The Complaint does allege that Plaintiff was the only applicant denied unescorted access privileges out of 40 applicants. However, he does not allege that the application was selectively applied although this can reasonably be inferred from his Complaint. The Court certainly can make the determination that the national security criteria are not being applied uniformly without having to delve into whether the criteria are over restrictive, for example. Thus, the Court believes that it is too early to dismiss Plaintiff's case. The issue can be revisited on summary judgment if the Defendant wishes to go that route. Accordingly, the Motion to Dismiss the Title VII discrimination claim is denied.

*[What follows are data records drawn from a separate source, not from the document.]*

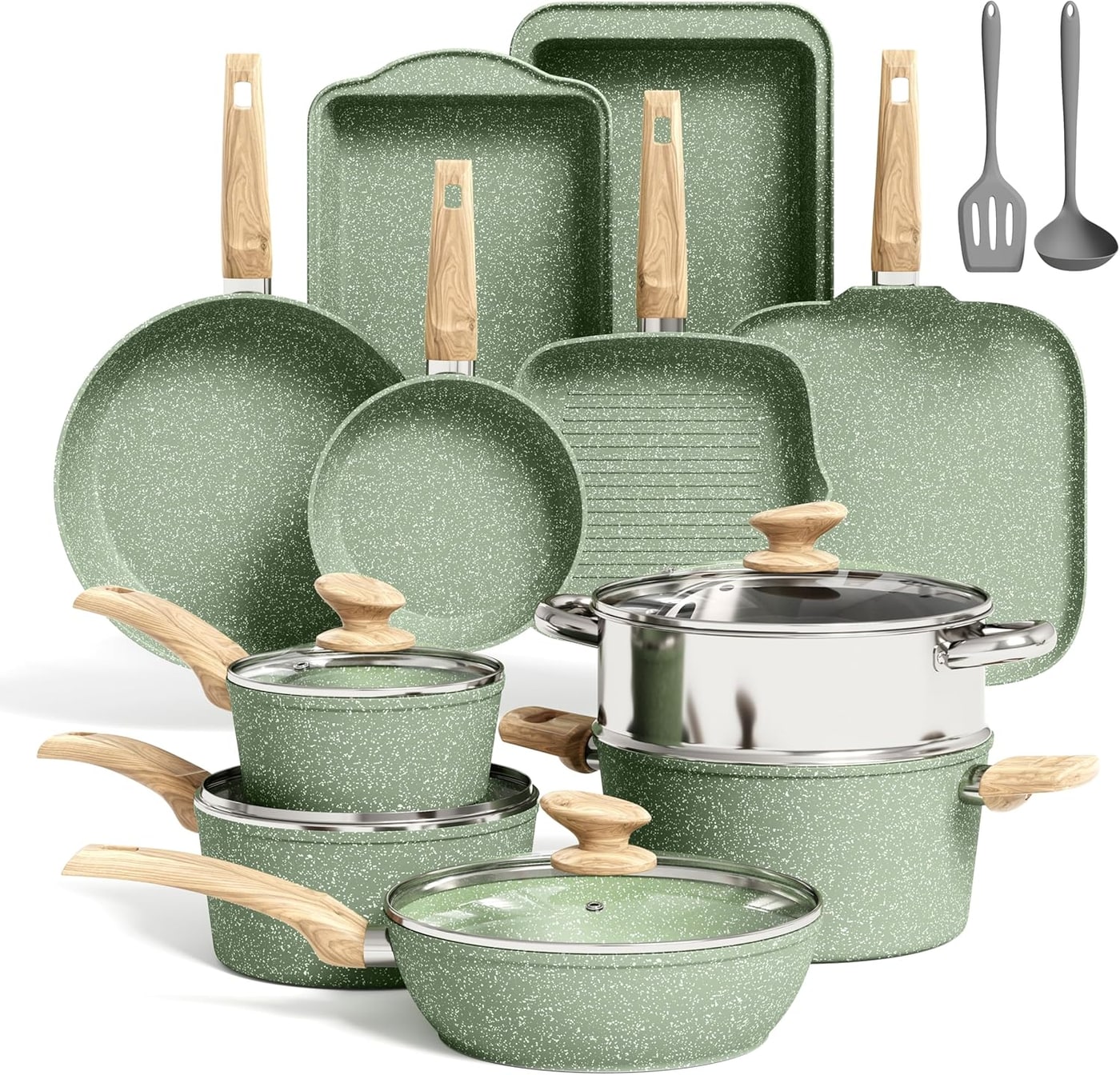 17-Piece Induction Granite Cookware Set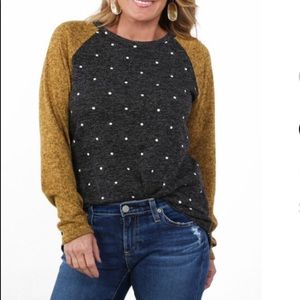 Charcoal & Mustard Polka Dot Raglan Tee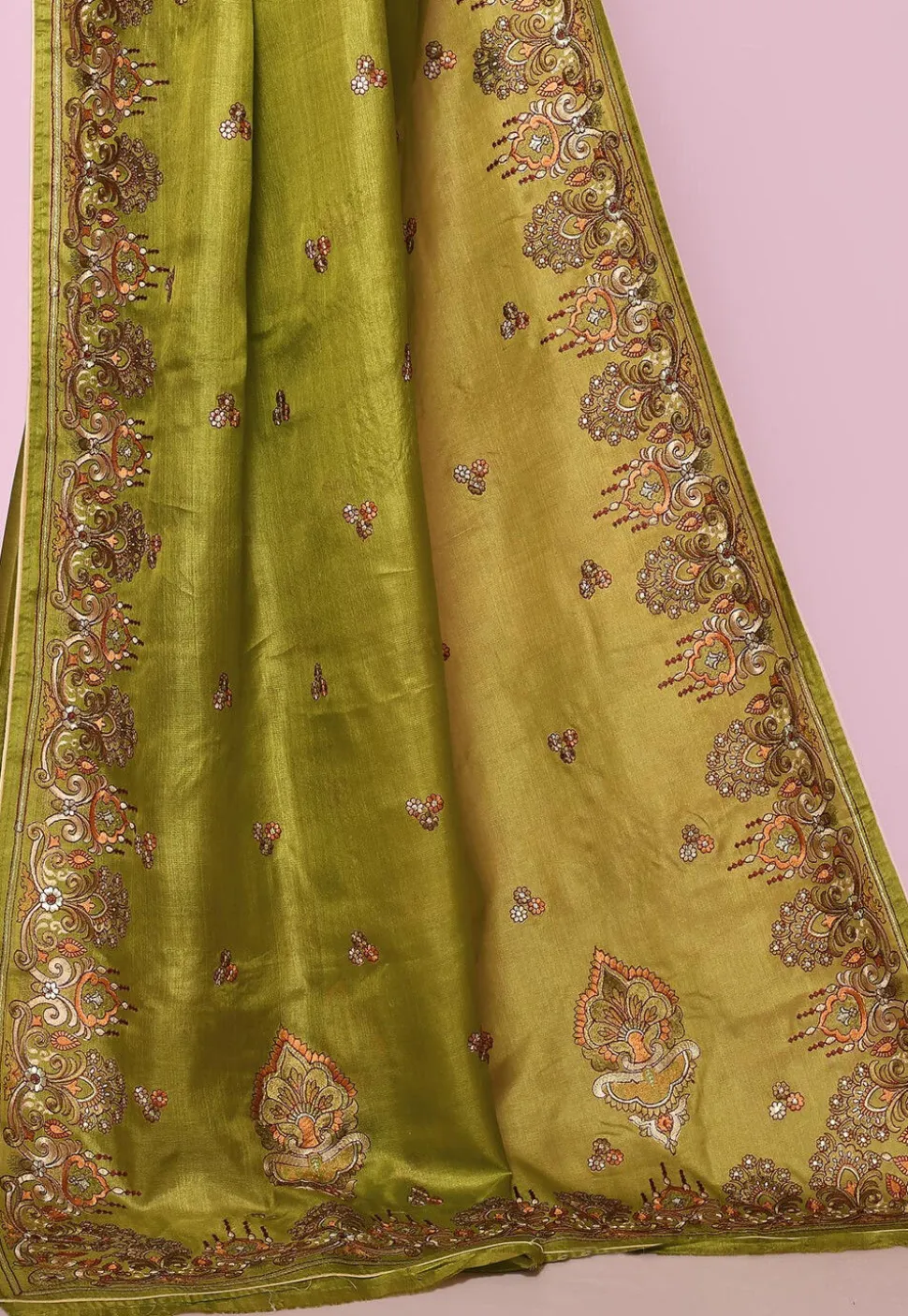 Pure Silk Embroidered Saree in Olive Green
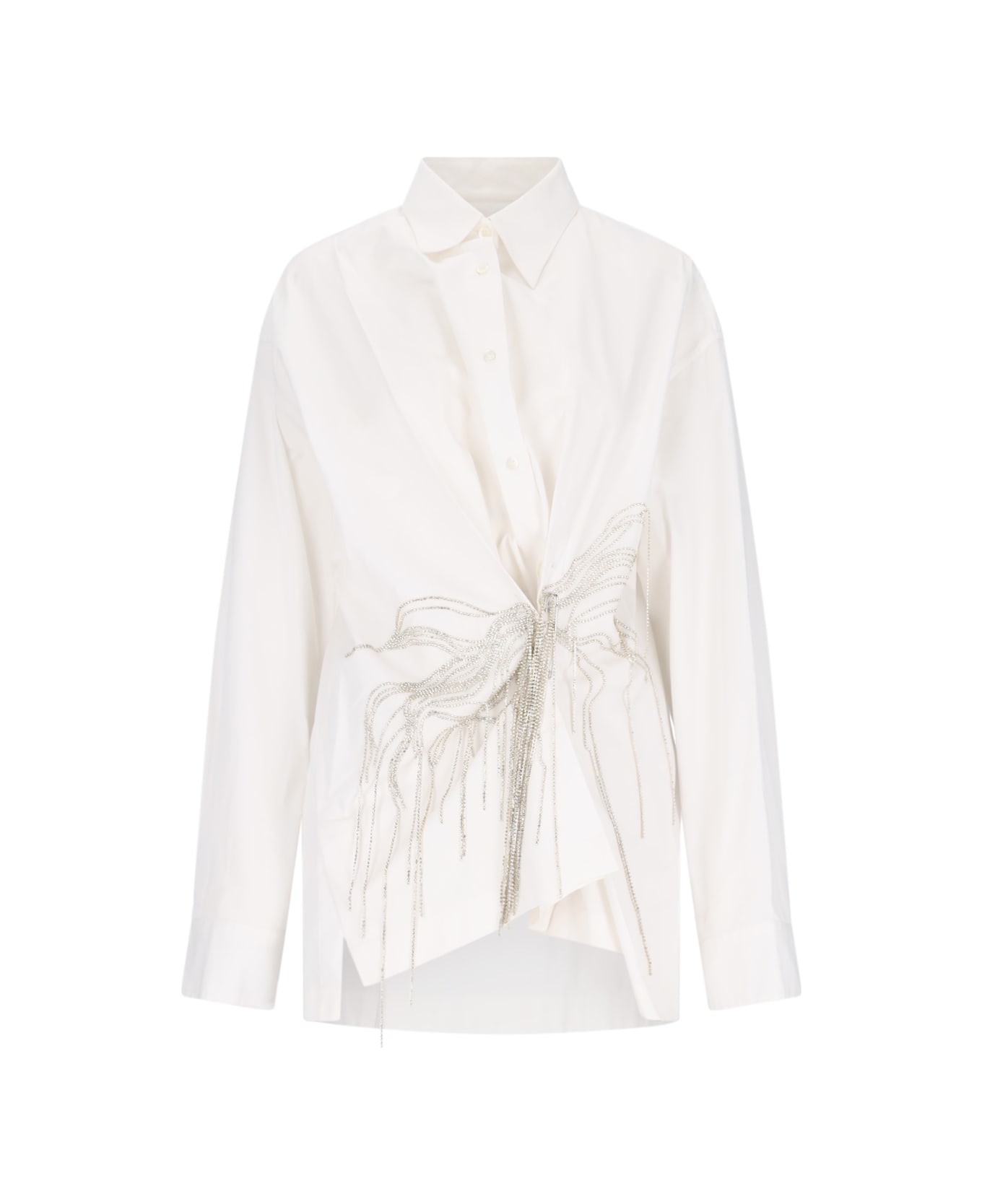 Dries Van Noten Oversized Shirt With Rhinestones - White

Plaintiff also alleges a Title VII claim of retaliation. However, the claim of retaliation was not made the subject of an EEOC charge. Plaintiff claims that it is reasonably related to the claim of discrimination that was set out in his EEOC charge and therefore he need not specifically mention the retaliation. However, for two claims to be related, the EEOC Charge and the Complaint must, at a minimum, describe the same conduct and implicate the same individuals. Teal v. Potter, 559 F.3d 687 (7tj Cir. 2009). Here the EEOC charge specifically relates to the act of notification on August 24, 2006, that the job offer was rescinded. The Complaint of retaliation allegedly occurs in September 2007 when Plaintiff's unescorted access was again denied. Clearly the two acts are not reasonably related. Sauzek v. Exxon Coal USA, Inc., 202 F.3d 913 (7th Cir. 2000) ("an employer's decision to terminate a worker is a separate and distinct act from a subsequent not to rehire that employee during a recall."). Here the decision to deny unescorted access some thirteen months after the original decision to deny unescorted access is a separate and distinct act and must be the subject of an EEOC charge in order to bring a Title VII action for retaliation. Accordingly, the claim for retaliation is denied.


For the reasons stated herein, the Defendant's Motion to Dismiss the Title VII discrimination claim is denied. The Motion to Dismiss the Title VII retaliation claim is granted.